I pendolari scrivono ancora a Fontana: «Per Regione è accettabile l’attuale servizio?»

I comitati lombardi sottolineano «la fragilità di un’azienda che anche in tempi ordinari si trovava costantemente in affanno»

I pendolari scrivono ancora a Fontana: «Per Regione è accettabile l’attuale servizio?»
Attualità 08 Febbraio 2022 ore 17:00

Regione Lombardia ritiene accettabile l’attuale livello del servizio ferroviario offerto da Trenord? E quale futuro si intende dare all’intero sistema ferroviario regionale? Sono i due interrogativi contenuti nella lettera, la terza scritta nell’arco di una manciata di settimane, inviata al presidente Attilio Fontana dai pendolari lombardi, esasperati sia dai disservizi sia dalla risposta arrivata da Trenord mercoledì scorso.

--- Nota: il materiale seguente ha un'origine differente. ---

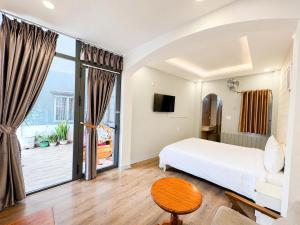 Tuyết Mai Hotel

Come riportano i colleghi di PrimaMerate, l'oggetto della missiva dei comitati dei viaggiatori è, di fatto, sempre lo stesso. Ovvero «la fragilità di un’azienda che anche in tempi ordinari si trovava costantemente in affanno». E ancora una volta i pendolari sottolineano la necessità che sia il presidente lombardo a prendere ufficialmente posizione, visto che «ha la responsabilità politica del suo Governo», e non che a rispondere siano altre persone.

«È nostra intenzione chiedere a lei nuovamente se il Governo regionale ritenga accettabile l’attuale livello del servizio ferroviario e soprattutto quale futuro intenda dare al Sfr – si legge nella lettera -, che ha visto dal 2018 un progressivo ridimensionamento, iniziato fin da prima e indipendentemente dalle contingenti vicende del Covid che hanno solo evidenziato la fragilità di un’azienda che anche in tempi ordinari si trovava costantemente in affanno. Si tratta, pertanto, di una risposta politica, non tecnica, che spetta al titolare del servizio e non al fornitore e su questo attendiamo fiduciosi riscontro e indicazioni da lei, presidente della nostra Regione».

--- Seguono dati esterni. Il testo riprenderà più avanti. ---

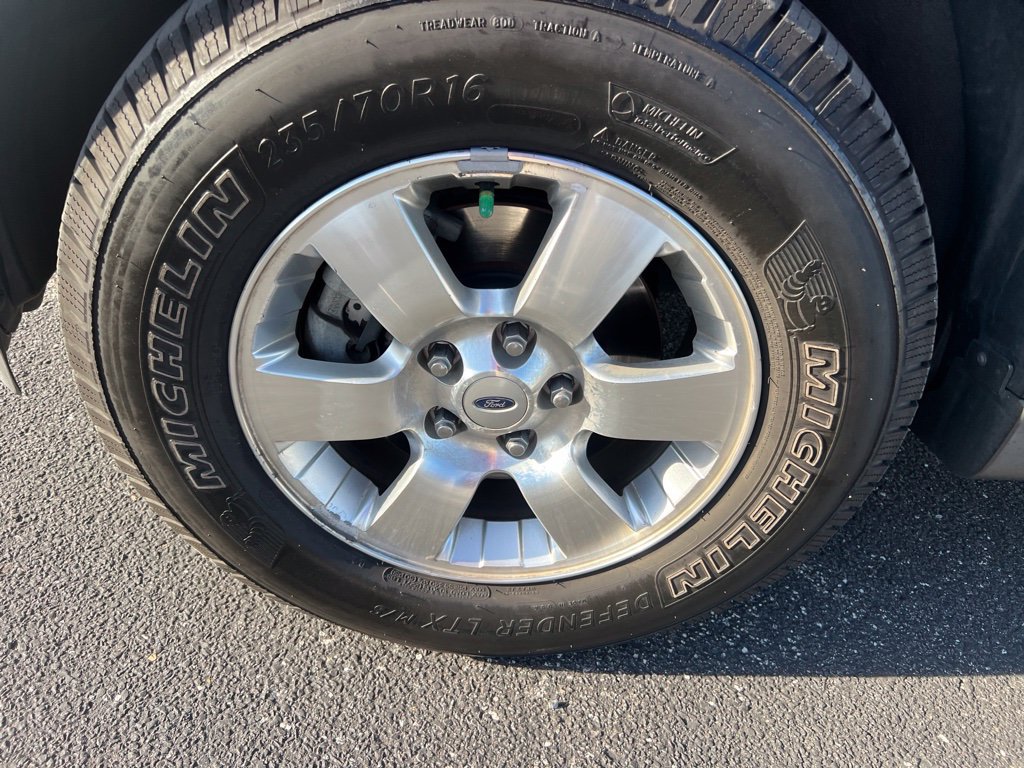 Used 2011 Ford Escape Limited w/ 302A Rapid Spec Order Code FWD image 6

I comitati non mancano poi di fare un appunto all’e-mail inviata da Trenord a tutti i suoi clienti, «in cui cerca di difendersi scaricando ogni responsabilità su fatti esterni o su altri enti o società, evitando di esprimere, come di consueto, una benché minima autocritica, necessaria premessa di ogni azione di miglioramento».

«Non intendiamo in questo momento entrare nel merito dei singoli punti elencati dall’azienda – aggiungono -, sui quali peraltro non abbiamo alcuna difficoltà ad affrontare un serio confronto nelle opportune sedi istituzionali».